╭─ Working data
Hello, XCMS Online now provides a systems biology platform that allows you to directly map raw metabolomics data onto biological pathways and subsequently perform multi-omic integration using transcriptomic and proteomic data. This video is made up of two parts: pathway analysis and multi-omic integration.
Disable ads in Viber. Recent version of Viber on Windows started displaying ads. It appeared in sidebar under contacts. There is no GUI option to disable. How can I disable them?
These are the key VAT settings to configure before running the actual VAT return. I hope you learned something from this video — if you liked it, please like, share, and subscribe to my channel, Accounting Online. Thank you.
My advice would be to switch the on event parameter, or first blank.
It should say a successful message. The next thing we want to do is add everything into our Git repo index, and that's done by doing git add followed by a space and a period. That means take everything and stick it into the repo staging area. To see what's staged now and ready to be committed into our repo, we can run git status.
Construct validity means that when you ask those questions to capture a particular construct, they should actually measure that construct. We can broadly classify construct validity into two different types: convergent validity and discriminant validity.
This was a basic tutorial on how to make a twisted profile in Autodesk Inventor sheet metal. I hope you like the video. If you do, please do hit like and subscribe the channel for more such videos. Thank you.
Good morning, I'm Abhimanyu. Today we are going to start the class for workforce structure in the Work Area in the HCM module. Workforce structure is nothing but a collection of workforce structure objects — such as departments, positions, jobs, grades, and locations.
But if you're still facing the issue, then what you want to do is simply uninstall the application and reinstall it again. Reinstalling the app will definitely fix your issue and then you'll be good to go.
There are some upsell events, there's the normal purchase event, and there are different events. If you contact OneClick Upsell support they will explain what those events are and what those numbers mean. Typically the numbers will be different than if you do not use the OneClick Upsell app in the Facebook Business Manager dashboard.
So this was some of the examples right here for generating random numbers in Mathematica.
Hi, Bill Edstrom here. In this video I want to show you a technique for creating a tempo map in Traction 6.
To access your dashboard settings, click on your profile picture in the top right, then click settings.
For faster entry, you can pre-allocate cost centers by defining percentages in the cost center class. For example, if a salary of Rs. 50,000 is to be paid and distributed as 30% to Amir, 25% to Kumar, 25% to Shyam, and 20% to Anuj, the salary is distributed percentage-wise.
╰─
Activity:
Everything above from the line containing "So this was" down to the line containing "To access your" is to be transcribed exactly, with both of those lines included and nothing else added.

The answer:
So this was some of the examples right here for generating random numbers in Mathematica.
Hi, Bill Edstrom here. In this video I want to show you a technique for creating a tempo map in Traction 6.
To access your dashboard settings, click on your profile picture in the top right, then click settings.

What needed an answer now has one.